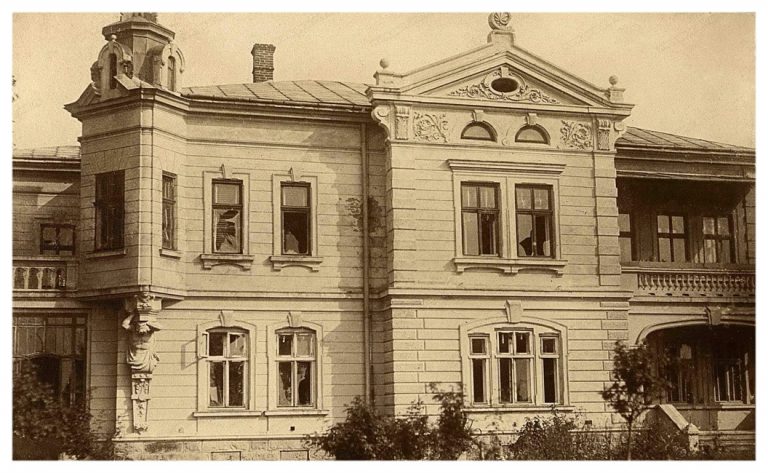 1916 r.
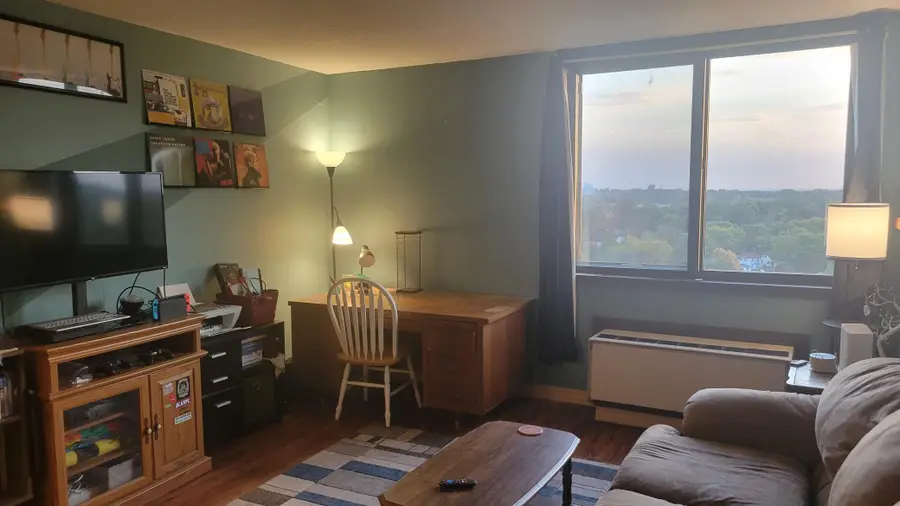 1181 Edgcumbe Road #1607, Saint Paul, MN 55105 - Image #3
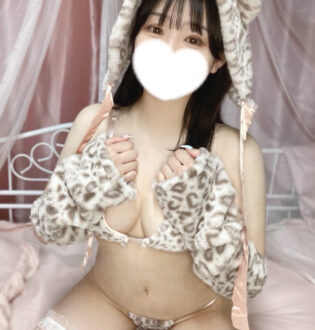 DIABLO (ディアブロ) 雪宮かえで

· · ·

# [Task item]
Transcribe the listing in full. Leave the pictures out.

# [Your solution]
 1916 r.
 1181 Edgcumbe Road #1607, Saint Paul, MN 55105 - Image #3
 DIABLO (ディアブロ) 雪宮かえで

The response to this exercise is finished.